[Dataset content]

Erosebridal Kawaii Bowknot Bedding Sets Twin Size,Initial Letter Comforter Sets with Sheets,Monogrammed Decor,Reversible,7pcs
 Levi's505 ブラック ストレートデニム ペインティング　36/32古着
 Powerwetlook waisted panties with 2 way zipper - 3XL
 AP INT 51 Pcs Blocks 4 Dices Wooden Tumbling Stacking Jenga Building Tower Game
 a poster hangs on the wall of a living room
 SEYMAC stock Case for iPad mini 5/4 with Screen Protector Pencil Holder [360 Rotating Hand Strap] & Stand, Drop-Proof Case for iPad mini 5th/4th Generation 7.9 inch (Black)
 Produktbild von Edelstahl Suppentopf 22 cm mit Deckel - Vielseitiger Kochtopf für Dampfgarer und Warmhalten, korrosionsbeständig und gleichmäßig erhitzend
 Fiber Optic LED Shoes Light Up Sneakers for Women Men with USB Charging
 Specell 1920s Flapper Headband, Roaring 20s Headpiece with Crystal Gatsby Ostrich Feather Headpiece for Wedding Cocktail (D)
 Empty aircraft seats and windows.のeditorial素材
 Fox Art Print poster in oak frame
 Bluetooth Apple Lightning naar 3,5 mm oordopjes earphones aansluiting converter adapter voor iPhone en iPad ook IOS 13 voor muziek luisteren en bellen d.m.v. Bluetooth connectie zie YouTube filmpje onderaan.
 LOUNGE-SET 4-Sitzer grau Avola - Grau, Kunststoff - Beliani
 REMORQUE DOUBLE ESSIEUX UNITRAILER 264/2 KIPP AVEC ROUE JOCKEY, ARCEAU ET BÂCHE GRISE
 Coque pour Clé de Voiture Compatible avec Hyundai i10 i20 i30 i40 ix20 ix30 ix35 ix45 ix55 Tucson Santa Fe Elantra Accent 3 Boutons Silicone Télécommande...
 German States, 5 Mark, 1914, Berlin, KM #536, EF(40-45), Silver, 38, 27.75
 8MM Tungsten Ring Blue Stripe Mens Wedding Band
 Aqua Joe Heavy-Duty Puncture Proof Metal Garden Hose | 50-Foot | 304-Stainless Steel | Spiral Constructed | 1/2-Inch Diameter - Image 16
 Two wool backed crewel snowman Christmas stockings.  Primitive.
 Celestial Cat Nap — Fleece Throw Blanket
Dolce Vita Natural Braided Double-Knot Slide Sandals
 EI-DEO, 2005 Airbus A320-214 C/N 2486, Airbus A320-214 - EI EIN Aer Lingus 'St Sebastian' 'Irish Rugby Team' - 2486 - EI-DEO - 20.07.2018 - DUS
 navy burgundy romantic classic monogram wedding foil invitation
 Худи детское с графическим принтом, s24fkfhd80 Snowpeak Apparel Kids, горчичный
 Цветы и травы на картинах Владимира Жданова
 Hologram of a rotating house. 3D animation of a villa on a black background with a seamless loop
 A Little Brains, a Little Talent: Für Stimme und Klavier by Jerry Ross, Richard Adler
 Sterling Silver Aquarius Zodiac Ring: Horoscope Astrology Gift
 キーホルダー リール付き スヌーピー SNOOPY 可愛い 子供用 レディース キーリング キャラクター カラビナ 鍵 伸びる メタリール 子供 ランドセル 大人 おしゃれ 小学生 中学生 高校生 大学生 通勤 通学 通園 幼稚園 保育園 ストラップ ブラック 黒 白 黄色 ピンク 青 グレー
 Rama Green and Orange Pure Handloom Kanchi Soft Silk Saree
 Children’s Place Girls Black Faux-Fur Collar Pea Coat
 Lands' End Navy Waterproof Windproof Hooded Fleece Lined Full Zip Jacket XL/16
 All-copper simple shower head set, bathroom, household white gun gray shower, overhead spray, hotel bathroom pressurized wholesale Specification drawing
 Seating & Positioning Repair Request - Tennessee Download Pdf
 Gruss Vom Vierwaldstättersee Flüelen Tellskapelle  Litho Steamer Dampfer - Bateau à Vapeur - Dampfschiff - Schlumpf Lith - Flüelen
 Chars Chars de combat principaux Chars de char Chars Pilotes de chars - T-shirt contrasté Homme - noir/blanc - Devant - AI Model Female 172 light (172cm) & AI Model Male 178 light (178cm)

[/Dataset content]

**Work request**: Reproduce verbatim the lines above, from the line with "Powerwetlook waisted panties" through the line with "Fiber Optic LED".

**Task response**:
 Powerwetlook waisted panties with 2 way zipper - 3XL
 AP INT 51 Pcs Blocks 4 Dices Wooden Tumbling Stacking Jenga Building Tower Game
 a poster hangs on the wall of a living room
 SEYMAC stock Case for iPad mini 5/4 with Screen Protector Pencil Holder [360 Rotating Hand Strap] & Stand, Drop-Proof Case for iPad mini 5th/4th Generation 7.9 inch (Black)
 Produktbild von Edelstahl Suppentopf 22 cm mit Deckel - Vielseitiger Kochtopf für Dampfgarer und Warmhalten, korrosionsbeständig und gleichmäßig erhitzend
 Fiber Optic LED Shoes Light Up Sneakers for Women Men with USB Charging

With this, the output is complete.